What the task asks
In your reply, repeat the full listing exactly and leave each picture out.

Recorded data
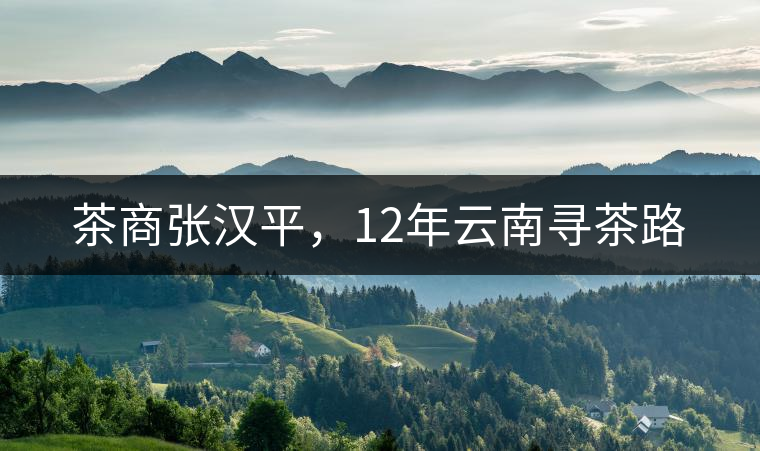 茶商張漢平，12年云南尋茶路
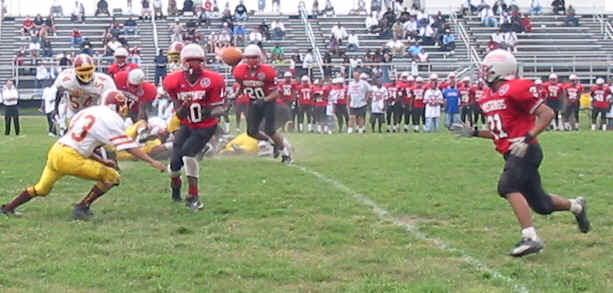 wpe9.jpg (30024 bytes)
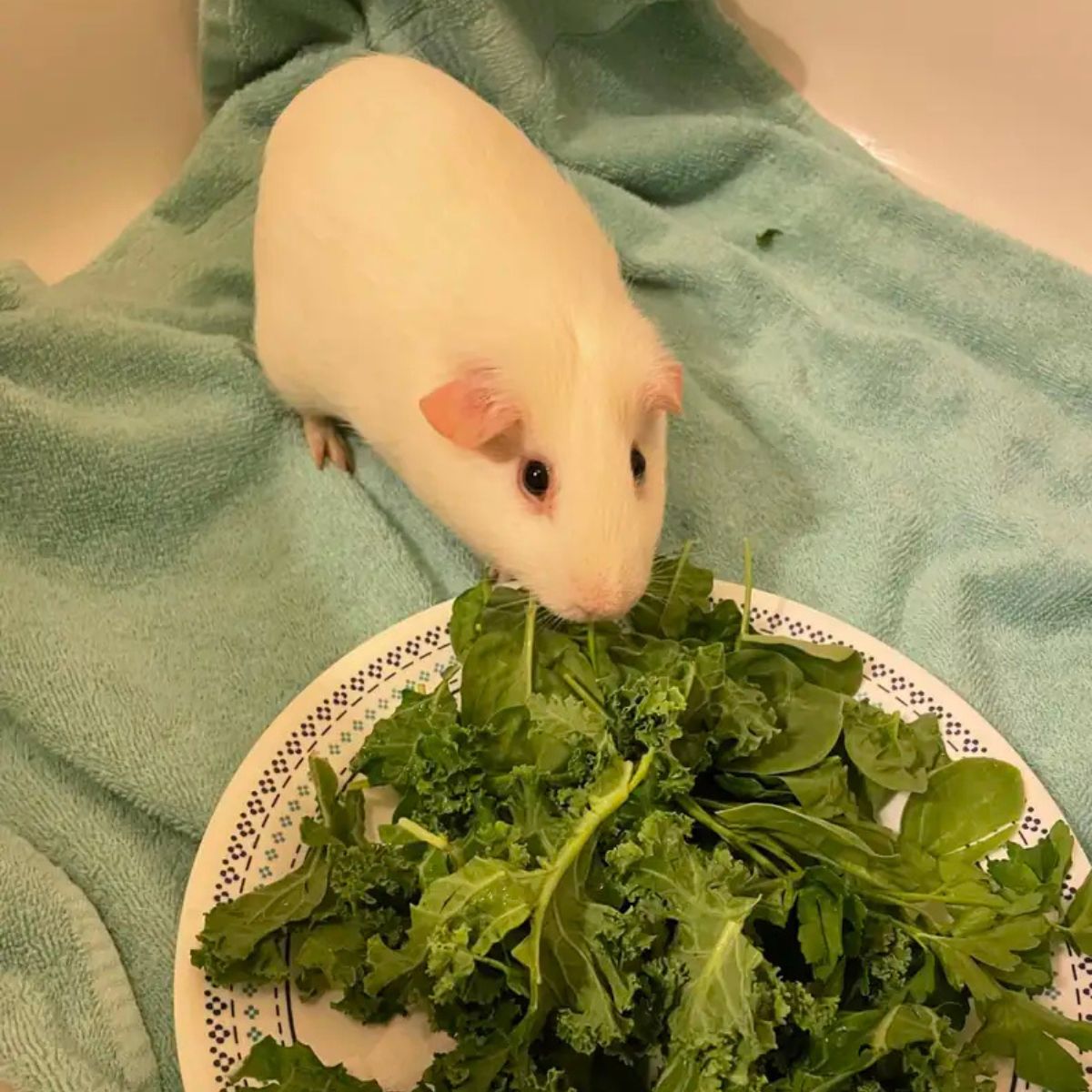 guinea pig eats greens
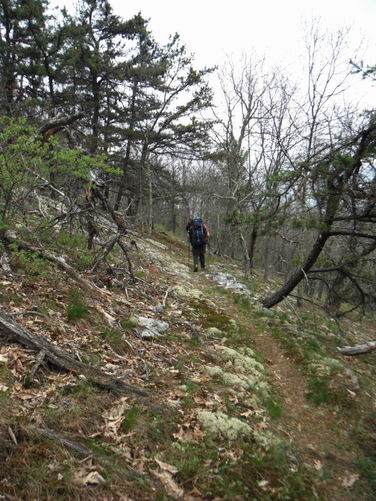 Picture 13 of North Fork Mountain Hike 051014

Written response
 茶商張漢平，12年云南尋茶路
 wpe9.jpg (30024 bytes)
 guinea pig eats greens
 Picture 13 of North Fork Mountain Hike 051014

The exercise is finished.